= Catholic Church in the Maldives =

The Catholic Church in the Maldives is part of the worldwide Catholic Church, under the spiritual leadership of the Pope in Rome. The annals of the Propaganda mention that in 1833 after the consecration of Clément Bonnand as the Vicar Apostolic of Pondicherry, he was authorized by the Holy See to send missionaries to the Maldives, where the Christian faith had not reached.

There has never, however, been any Catholic territorial jurisdiction in the Maldives; its territory has been the responsibility of the Archdiocese of Colombo in Sri Lanka since 1886. The constitution of the country does not allow citizenship to non-Muslims, and those found with non-Islamic religious materials are subject to arrest.
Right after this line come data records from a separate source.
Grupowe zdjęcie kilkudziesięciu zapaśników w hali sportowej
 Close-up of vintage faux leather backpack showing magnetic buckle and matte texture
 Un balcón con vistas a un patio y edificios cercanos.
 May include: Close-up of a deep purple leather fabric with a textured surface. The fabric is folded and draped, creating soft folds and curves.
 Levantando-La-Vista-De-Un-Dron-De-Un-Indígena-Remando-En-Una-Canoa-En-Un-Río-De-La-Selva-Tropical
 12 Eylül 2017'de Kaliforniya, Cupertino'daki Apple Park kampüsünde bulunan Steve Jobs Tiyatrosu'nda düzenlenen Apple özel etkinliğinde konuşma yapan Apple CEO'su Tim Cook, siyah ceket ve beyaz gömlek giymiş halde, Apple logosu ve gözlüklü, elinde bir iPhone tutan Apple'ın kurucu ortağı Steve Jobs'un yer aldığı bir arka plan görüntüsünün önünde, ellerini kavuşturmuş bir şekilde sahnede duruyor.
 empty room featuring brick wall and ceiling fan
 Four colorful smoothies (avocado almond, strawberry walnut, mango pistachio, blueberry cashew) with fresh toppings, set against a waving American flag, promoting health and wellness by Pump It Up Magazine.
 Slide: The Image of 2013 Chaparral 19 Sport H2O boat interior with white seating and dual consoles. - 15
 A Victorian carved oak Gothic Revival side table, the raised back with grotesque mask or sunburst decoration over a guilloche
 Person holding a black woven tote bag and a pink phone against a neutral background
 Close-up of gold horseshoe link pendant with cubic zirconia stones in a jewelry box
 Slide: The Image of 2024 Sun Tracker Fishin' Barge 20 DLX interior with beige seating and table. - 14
Figures in 2020 showed that the country is 0.29% Christian; just over half of these are Catholic. In 2024, the country was noted as the 18th worst place in the world to be a Christian.

== History ==
The arrival of the Portuguese also saw the appearance of Christianity in the region. In 1558 the Portuguese established a small garrison with a Viador (Viyazoru), or overseer of a factory (trading post) in the Maldives, which they administered from their main colony in Goa. The missionaries are said to have attempted to impose Christianity on the locals and some of the nobility were converted.

15 years later, a local leader named Muhammad Thakurufaanu al-A'uẓam and his two brothers organized a popular revolt and drove the Portuguese out of Maldives and Roman Catholicism as a consequence receded.